+++ Raw data +++
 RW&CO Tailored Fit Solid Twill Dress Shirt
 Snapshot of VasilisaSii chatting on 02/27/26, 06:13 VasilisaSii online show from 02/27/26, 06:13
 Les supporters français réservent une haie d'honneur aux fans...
+++
+++ Raw data +++
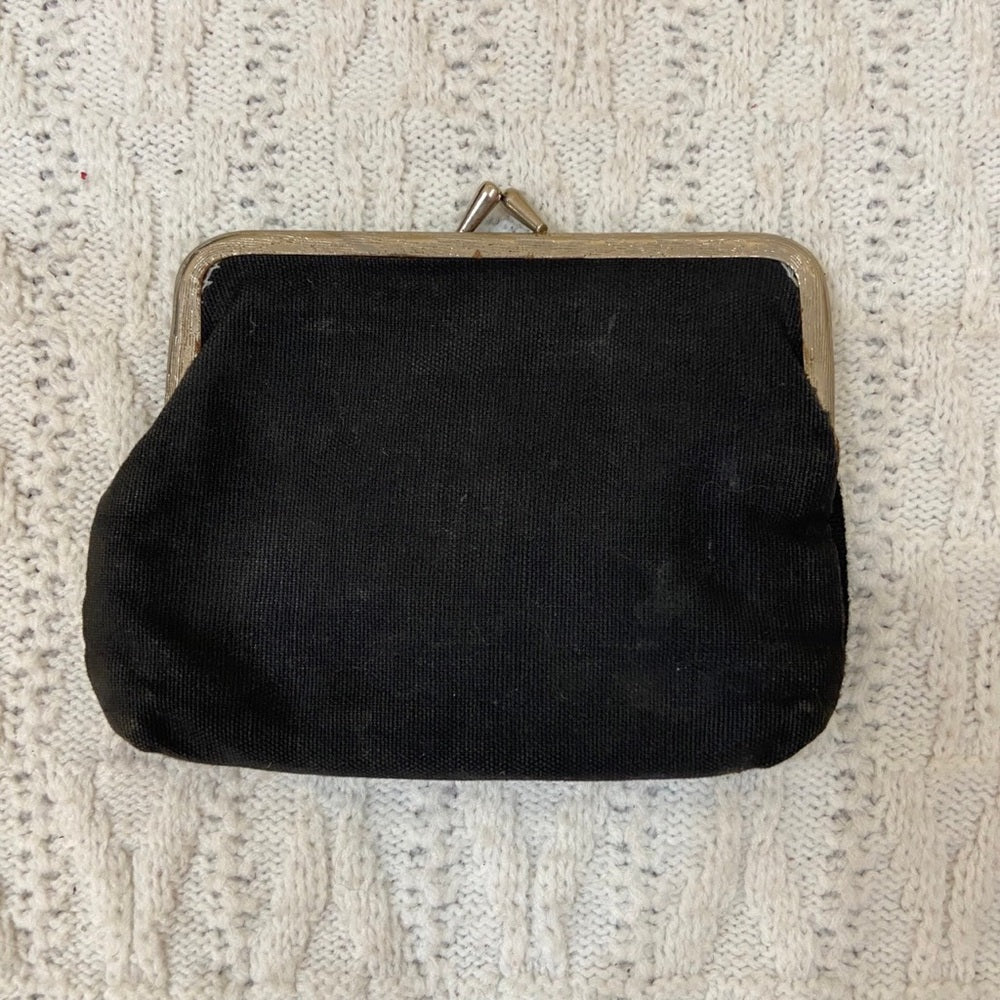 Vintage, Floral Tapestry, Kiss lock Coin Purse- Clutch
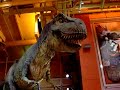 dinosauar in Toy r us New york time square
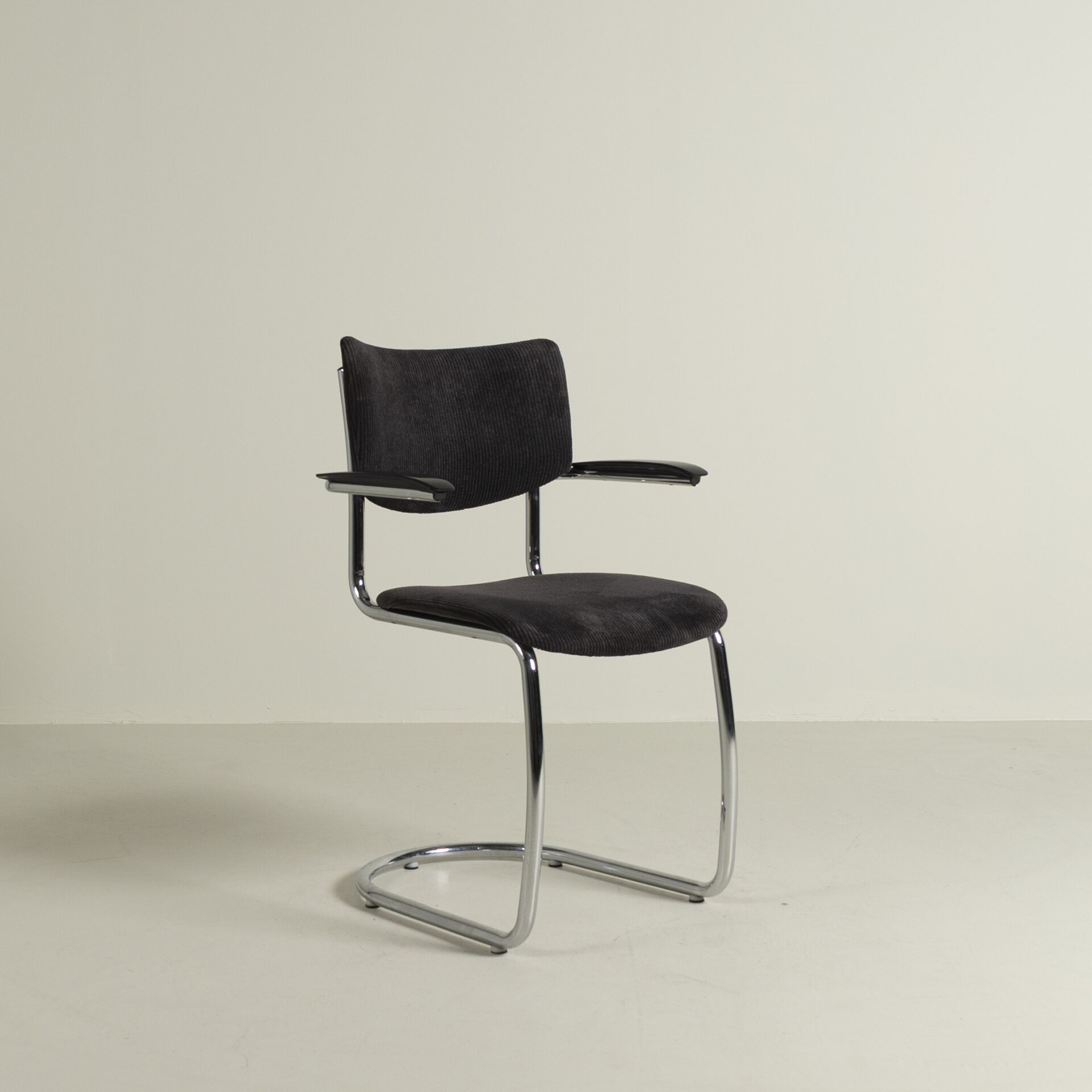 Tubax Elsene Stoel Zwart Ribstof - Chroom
+++
+++ Raw data +++
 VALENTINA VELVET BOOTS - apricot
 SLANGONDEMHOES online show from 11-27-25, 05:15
+++
Send back exactly the lines of the listing above starting at the one with "RW&CO Tailored Fit Solid Twill Dress Shirt" and ending at the one with "Les supporters français", inclusive, and no others.

 RW&CO Tailored Fit Solid Twill Dress Shirt
 Snapshot of VasilisaSii chatting on 02/27/26, 06:13 VasilisaSii online show from 02/27/26, 06:13
 Les supporters français réservent une haie d'honneur aux fans...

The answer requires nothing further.